*Assignment*: An exact transcription of the lines from the one holding "May include: Light" to the end of the entries below, and nothing more, is the required answer. Please omit the pictures.

—————

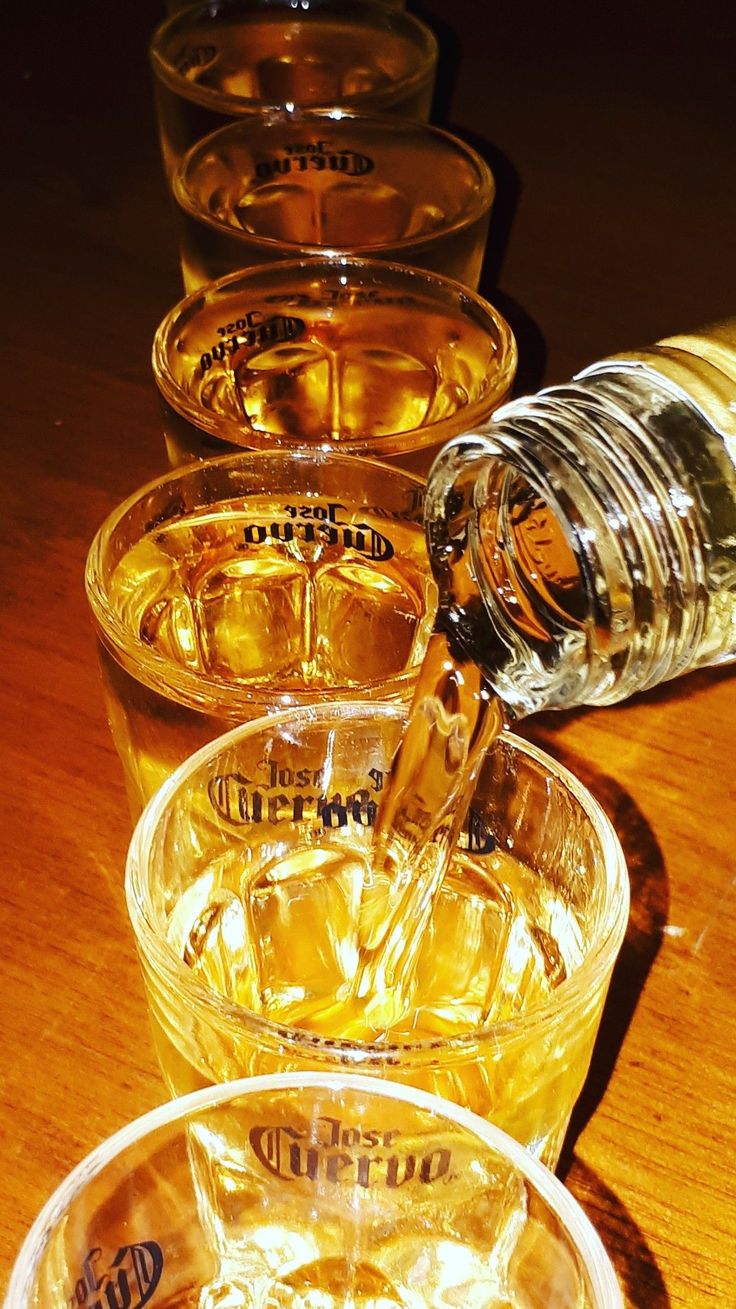 several glasses filled with liquid sitting on top of a wooden table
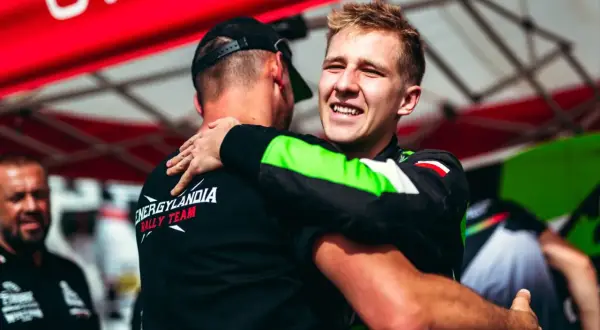 Eryk Goczał z Energylandia Rally Team świętuje zwycięstwo, przytulając kolegę z zespołu.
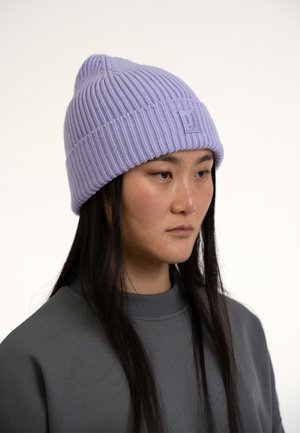 Paarse gebreide beanie met een geribbeld patroon, voorzien van een klein logo-opdruk. Draagt het met een grijs sweatshirt, haar gedeeltelijk zichtbaar.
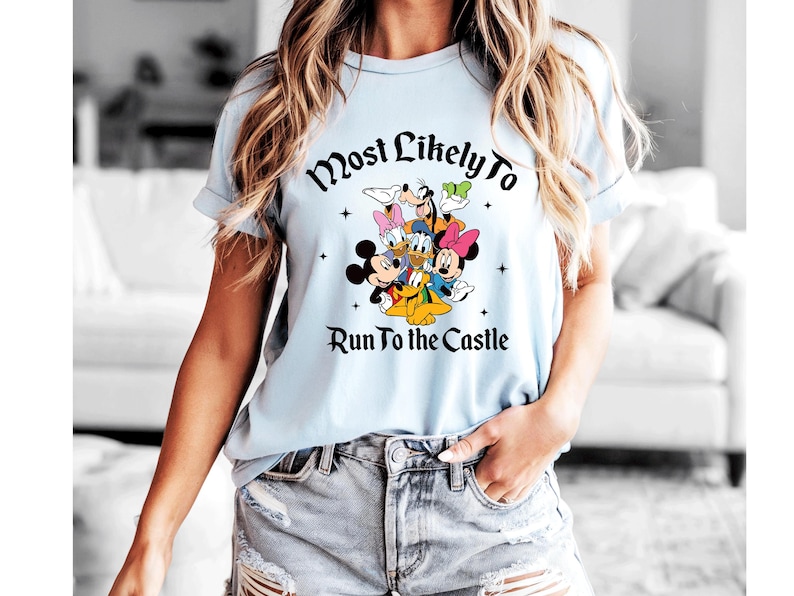 May include: Light blue t-shirt featuring a graphic of Disney characters including Mickey Mouse, Minnie Mouse, Donald Duck, Daisy Duck, Goofy, and Pluto. The text "Most Likely To Run to the Castle" is printed above the characters.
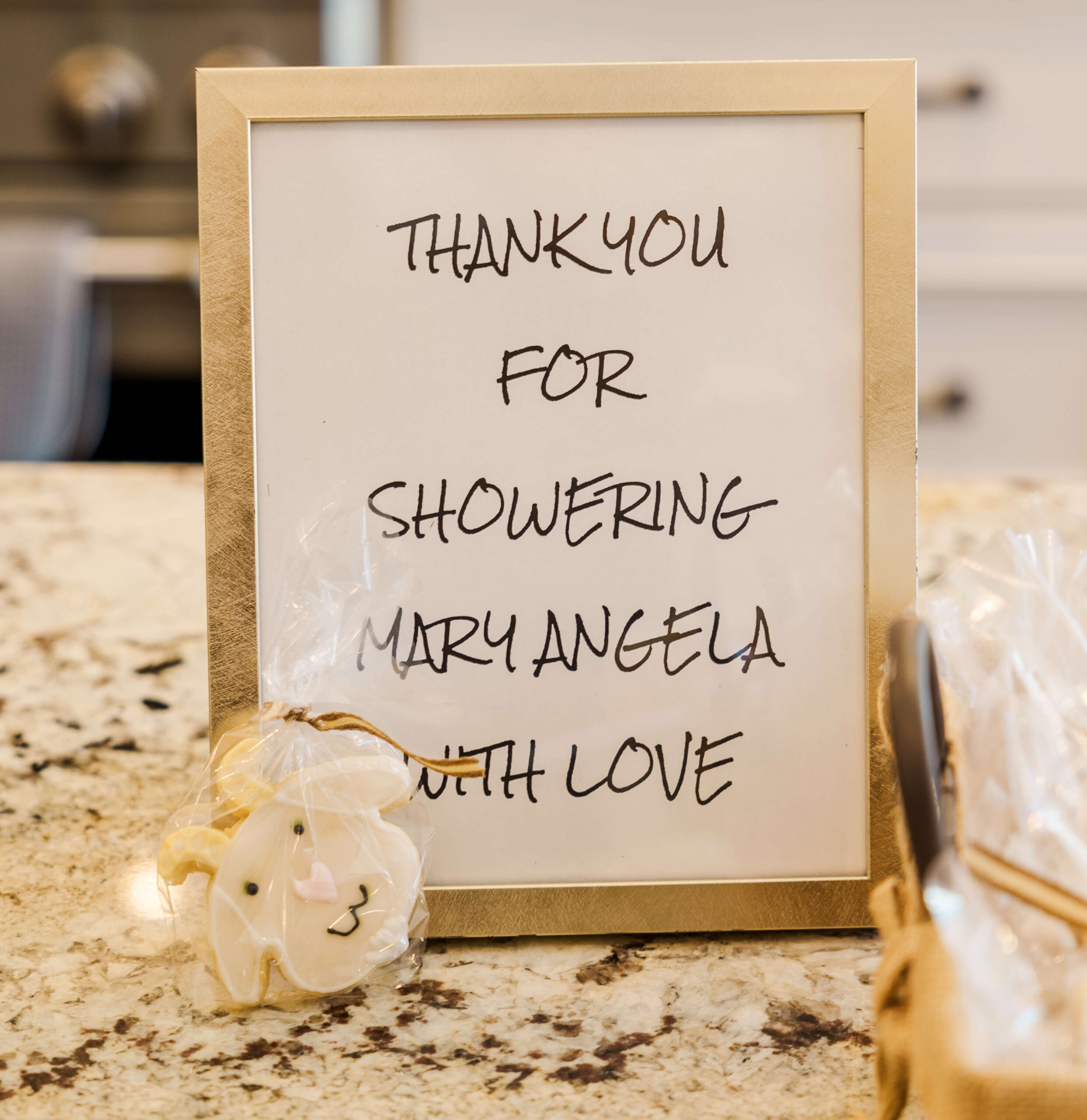 Details of a thank sign from a baby shower with a cookie from one of the bakeries in Fayetteville, NC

—————

*Your response*:
 May include: Light blue t-shirt featuring a graphic of Disney characters including Mickey Mouse, Minnie Mouse, Donald Duck, Daisy Duck, Goofy, and Pluto. The text "Most Likely To Run to the Castle" is printed above the characters.
 Details of a thank sign from a baby shower with a cookie from one of the bakeries in Fayetteville, NC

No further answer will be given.